Steps to Reproduce & Code Sample (Realm JS)

package.json

{
  "name": "realm-js-error-test",
  "version": "0.1.0",
  "private": true,
  "main": "index.js",
  "scripts": {
    "test": "node index.js"
  },
  "dependencies": {
    "realm": "^10.1.1"
  }
}

index.js

const Realm = require("realm");
const assert = require("assert");

async function run() {
  try {
    const app = new Realm.App("invalid-app-id");
    const credentials = Realm.Credentials.anonymous();
    const user = await app.logIn(credentials);
  } catch (err) {
    assert(err instanceof Error, 'Expected err to be an actual Error');
  }
}

run().then(() => {
  console.log("All done ...");
}, err => {
  console.error(err);
  process.exit(1);
});

Version of Realm and Tooling

emragins commented 3 years ago

Just a thought that from a security perspective, it's not always ideal for the client to get the stack trace from the server. This typically falls into the bucket of exposing information that the client does not need to know, and I've spent many hours on other projects writing wrappers to avoid leaking such details.

This isn't to say I don't see the appeal, but showing the stack trace might actually end up creating more work on others who don't want that information leaked. It's not at all uncommon to have to check server logs for more information.

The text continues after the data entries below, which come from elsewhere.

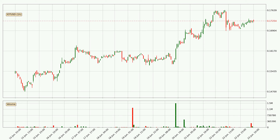Taking a look at the hourly time frame for IOTA, it can be seen that the price went down around 2.2% in the last 24 hours, with a current price of 17.3 cents. The fact that the sellers are taking over can be deduced because the volume was high and the move was strong.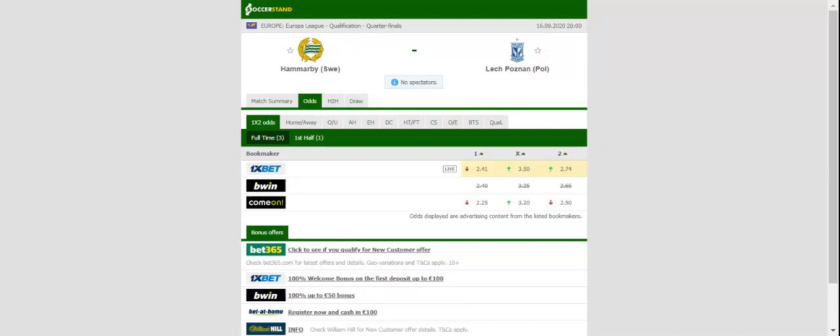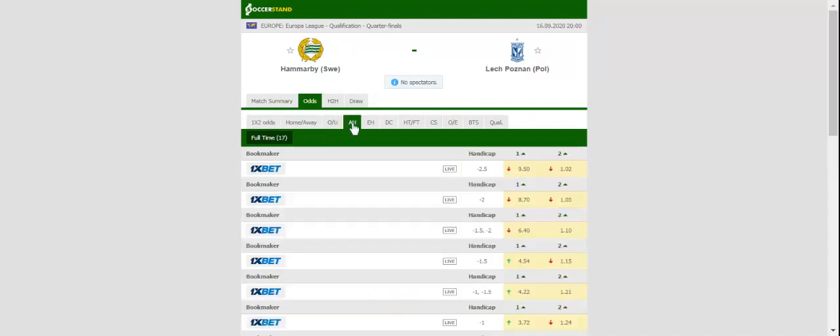The Swedish outfit have been showing signs of improvement in Allsvenskan with the team rolling over Gothenburg 4-0 on matchday 19. Even though Darijan Bojanic could miss the game with injury, we believe that home win should be considered as the green and whites are halfway through the 2020 season.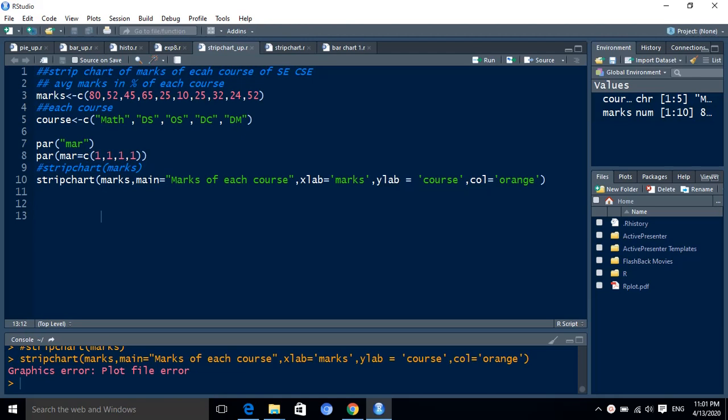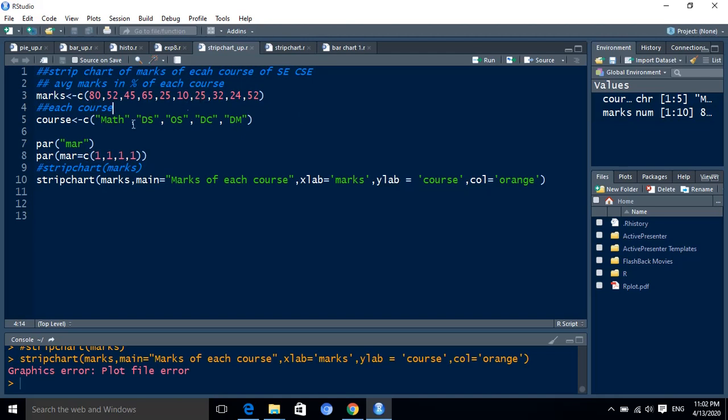So for that we require two vectors. First vector we require as marks. Marks vector we want to collect the data as a numeric part here. So for our discussion purpose we are taking such data values here. This will be the marks of each and every course.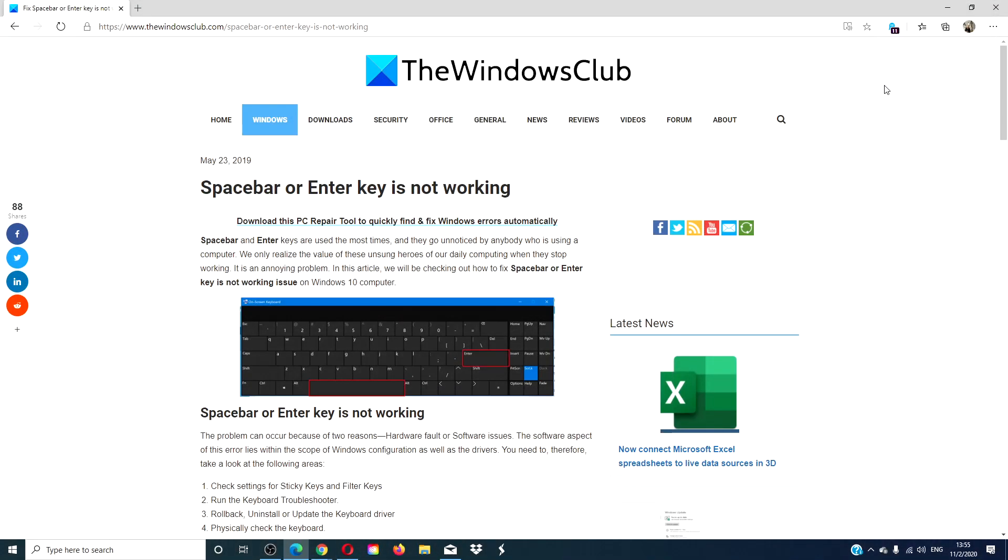Hello Windows Club! In this video we will look at what you could do if your spacebar or enter key is not working. For a more in-depth look we will link an article in the description down below.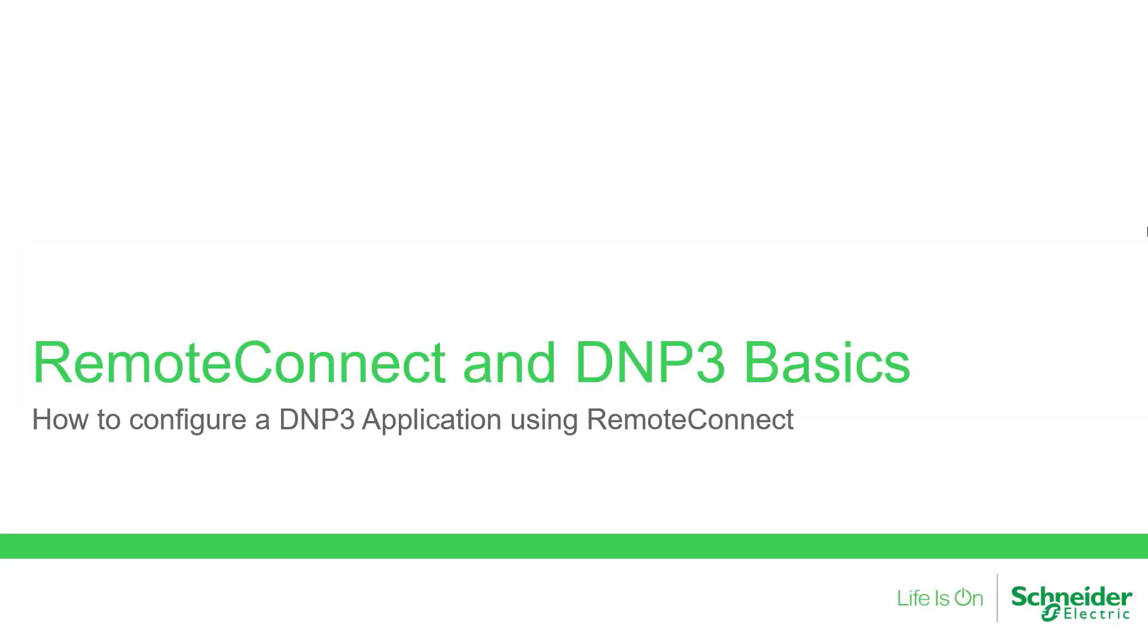This video shows how to configure a typical DNP3 application using Remote Connect and the SCADAPAK X70 Smart RTU. DNP3 basics introduced in this application will provide a good foundation for configuring your own DNP3 SCADA network.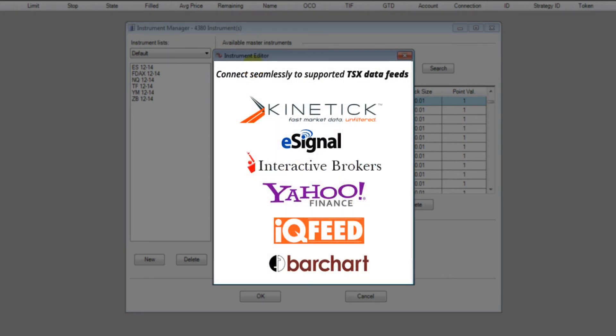And if you go into the miscellaneous tab you'll see also that all codes are automatically mapped to work seamlessly with multiple data feed providers and at the time of doing this video we're mapping to eSignal, Interactive Brokers, Yahoo's free data, DTN IQ feed, Bar Chart and Kinetik data.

Please note, I'm extremely new to Realm and just getting back into javascript after years, so I recognize this comment might be off-base from ignorance. However, I don't think my ignorance on that front discounts the point made from years of experience writing back-end integration code and dealing with strict security reviews.

kraenhansen commented 3 years ago

@emragins I appreciate the heads-up. Technically we consider both Realm JS and Realm Web client-side SDKs (although both can be used from a Node.js process) and I do think an error should contain a stack property. If a developer choose to send that along to their users in a server response or send only the message (which shouldn't contain a stack) is their choice (IMO).